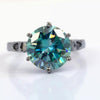 Certified Natural 7.25 Ct Blue Moissanite Solitaire Ring in for Love 18K Gold Plate 18K Gold Plated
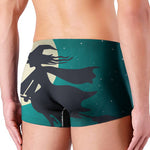 Full Moon Halloween Flying Witch Print Men's Boxer Briefs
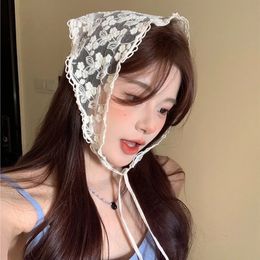 Korean Lace Hair Scarf Women Retro Triangle Band Strap Bag Headscarf Hat Travel Po Headband Turban Accessorie 240430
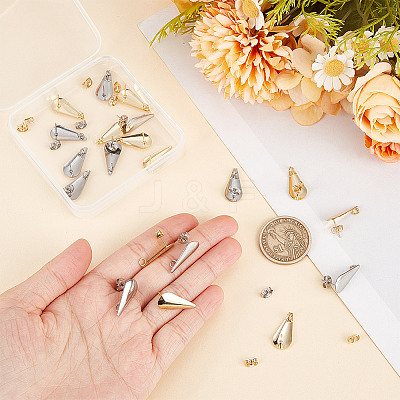 304 Stainless Steel Stud Earring Findings STAS-UN0003-10-1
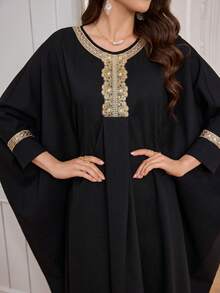 Arabic High-End Fashion Long Loose Robe & Traditional Abaya For Women, Modest Kaftan - Black - View 7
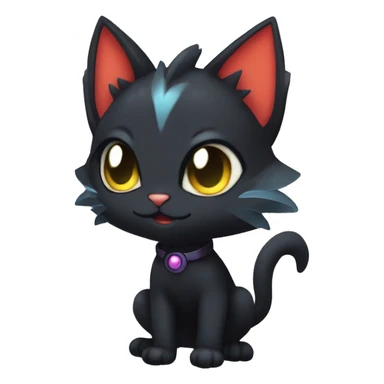 Cool Cute Edgy Black Dark Chibi Cat-Noibat-Noivern-Litten-Fakémon-hybrid sticker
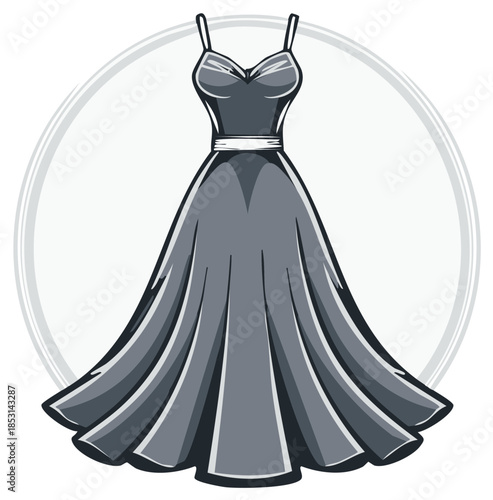 Elegant gray evening gown with flowing skirt and spaghetti straps inside a circular frame
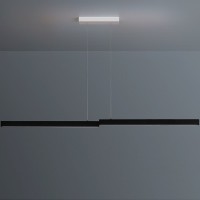 Escale Level LED Pendelleuchte, Länge: 167 cm, schwarz geschliffen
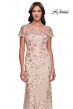 La Femme 30841 Short Sleeve Beaded Lace Dress
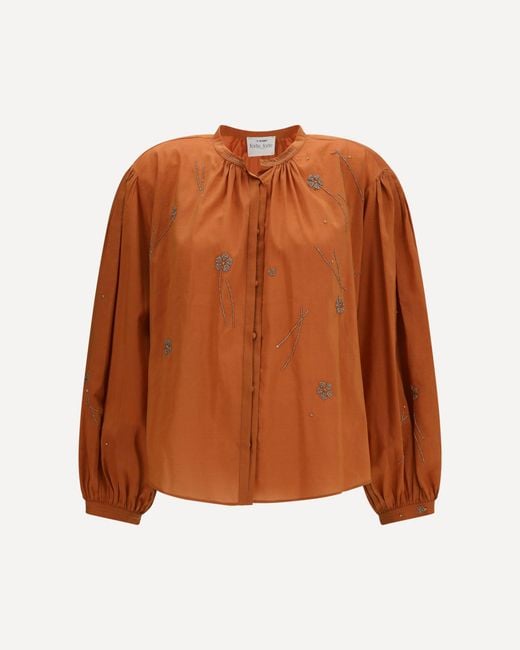 Forte_forte Brown Forte_Forte Fleurs D'Orient Embroidered Voile Bohemian Shirt
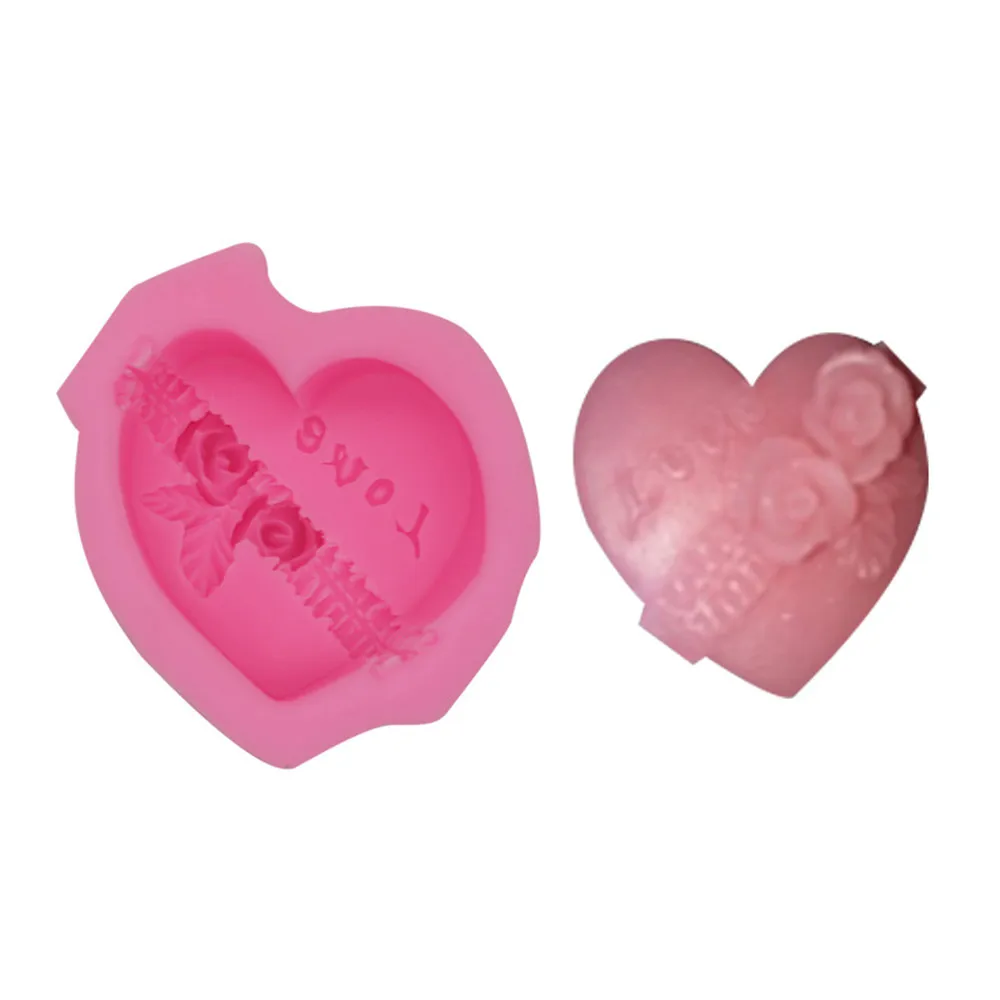 

3D Silicone Soap Mold Heart Love Rose Flower Chocolate Mould Candle Polymer Clay Molds Crafts DIY Forms For Cheap Soap Base Tool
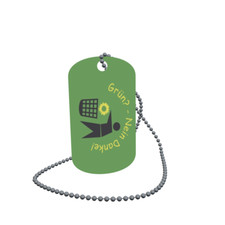 Dog Tag Flag Green - No Thank You Dog Tag Aluminium 30 x 50mm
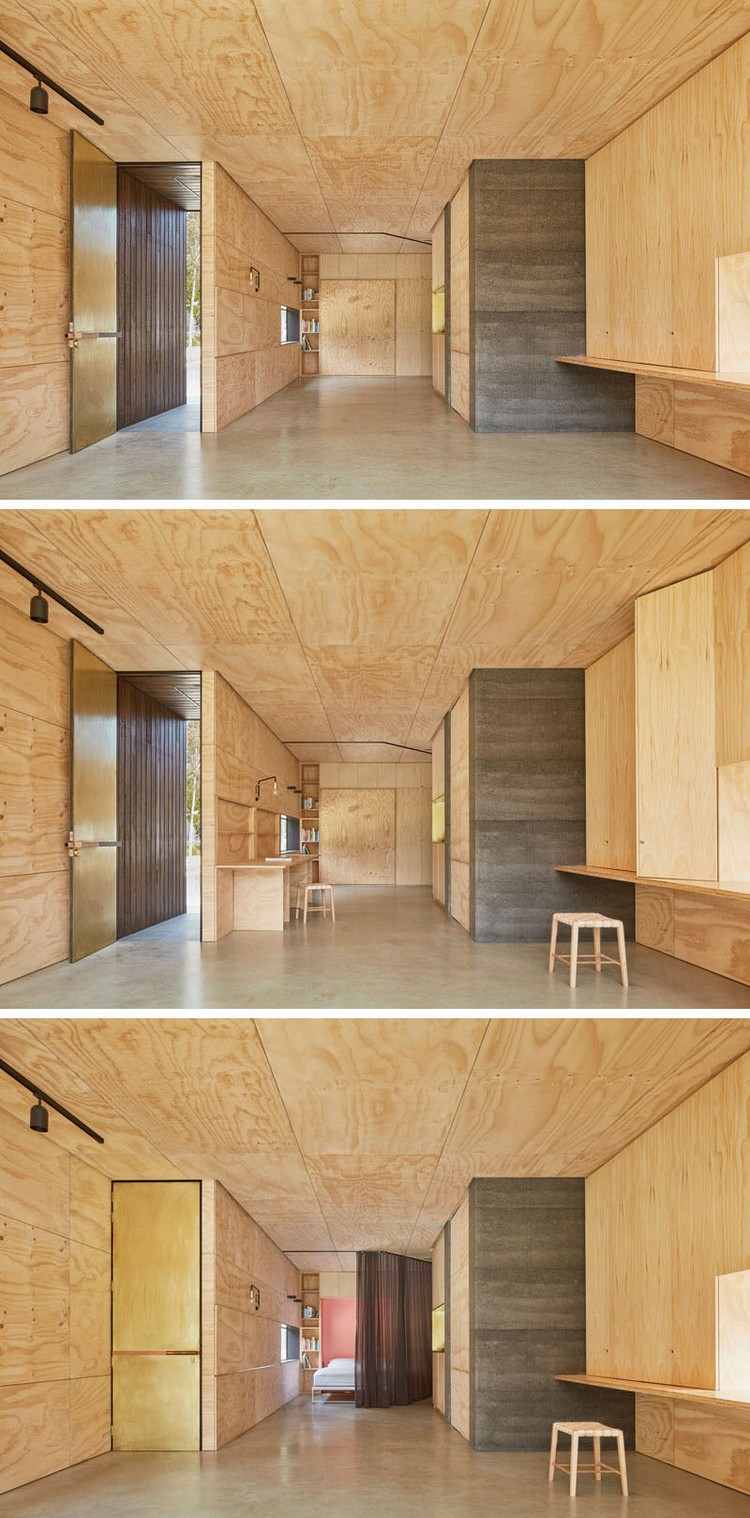 trä-interiör-konstruktion-plywood-väggbeklädnad-multifunktionellt utrymme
★ ★ ★ ★ ★
# [Exercise details]
Working from the entries above, please transcribe only the lines from the line with "Korean Lace Hair" through the line with "Forte_forte Brown Forte_Forte", exactly, with both end lines and without pictures.

# [Problem solution]
 Korean Lace Hair Scarf Women Retro Triangle Band Strap Bag Headscarf Hat Travel Po Headband Turban Accessorie 240430
 304 Stainless Steel Stud Earring Findings STAS-UN0003-10-1
 Arabic High-End Fashion Long Loose Robe & Traditional Abaya For Women, Modest Kaftan - Black - View 7
 Cool Cute Edgy Black Dark Chibi Cat-Noibat-Noivern-Litten-Fakémon-hybrid sticker
 Elegant gray evening gown with flowing skirt and spaghetti straps inside a circular frame
 Escale Level LED Pendelleuchte, Länge: 167 cm, schwarz geschliffen
 La Femme 30841 Short Sleeve Beaded Lace Dress
 Forte_forte Brown Forte_Forte Fleurs D'Orient Embroidered Voile Bohemian Shirt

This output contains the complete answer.